I guess the force applied in reverse could have done it too. How did the customer generate enough force to do that? I would figure something else would let go before that happened.


----------



## MattK (Feb 9, 2006)

In the pics you can see that the clutch tube was seated correctly because of the way the damaged part is sloping from the bottom toward the top. That's why I don't think the clutch tube not being seated was the cause.

How it happened? We have no clue. He takes very very good care of his gear so I am certain it was unintentional.

I would have thought the clutch bearing would have slipped first also but those bearings are pretty strong.


----------



## Mike in Friendswood (May 21, 2004)

I would have thought that the clutch bearing would slip way before that much damage was done, as well. Either way, that would take a huge amount of effort to do that much damage. Crazy!


----------



## Bantam1 (Jun 26, 2007)

We have seen it a few times here but nothing stood out for the cause other than the tube being seated wrong. If the bearing fails the handle will spin backwards more than anything. Did the reel has an aftermarket drag washer? Were there shims added under the pressure washers to give it more drag pressure?


----------



## Dipsay (Apr 28, 2006)

Either way that's one jacked up washer..LOL


----------



## DirectDrive (Dec 17, 2009)

The way the damage ramps up out of the key leads me to believe that the clutch tube was keyed in properly.
If the handle was forced backward it is plausible that the "fuse" would be the softer key washer.

If the key washer were of stainless the fuse might have been the clutch bearing.


----------



## fishsmart (Dec 5, 2004)

The good news is that all we need(ed) was/is a few parts to get back in operation.

Charles


----------



## MattK (Feb 9, 2006)

DirectDrive said:


> The way the damage ramps up out of the key leads me to believe that the clutch tube was keyed in properly.
> If the handle was forced backward it is plausible that the "fuse" would be the softer key washer.

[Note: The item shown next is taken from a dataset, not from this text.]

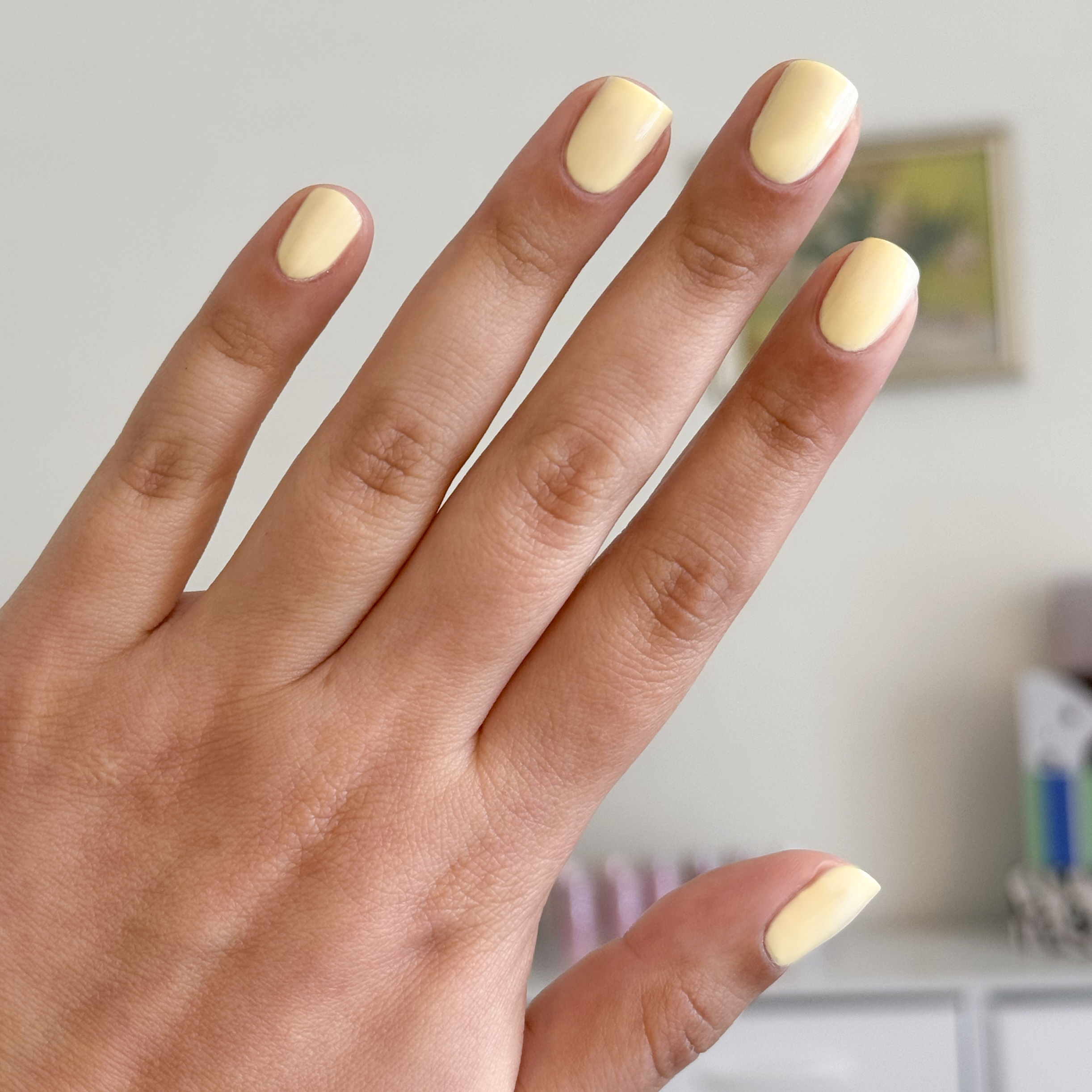 Spring 2026 Polish Set - Image 4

Plus the way that he aluminum was plowed upwards leads me to believe it was seated correctly. He most likely had his drag backed all the way off for storage and the compression of the spring washers allowed the clutch tube to travel up the shaft.

But yes, that's one jacked up washer..lol


----------



## rjr (Apr 27, 2006)

I've seen a problem with the clutch bearing being overgreased and allowing the clutch tube and handle to be turned backward, could this have been the case?
rjr


----------



## MattK (Feb 9, 2006)

Nope, actually the complete opposite. The clutch bearing held almost too well.


----------



## DirectDrive (Dec 17, 2009)

rjr said:


> I've seen a problem with the clutch bearing being overgreased and allowing the clutch tube and handle to be turned backward, could this have been the case?
> rjr


If the clutch bearing were to fail and allow the handle to turn backward, the reel would simply act like an old-time direct-drive reel.

That is, if the reel does not have a backup anti-reverse ratchet and pawl system.


----------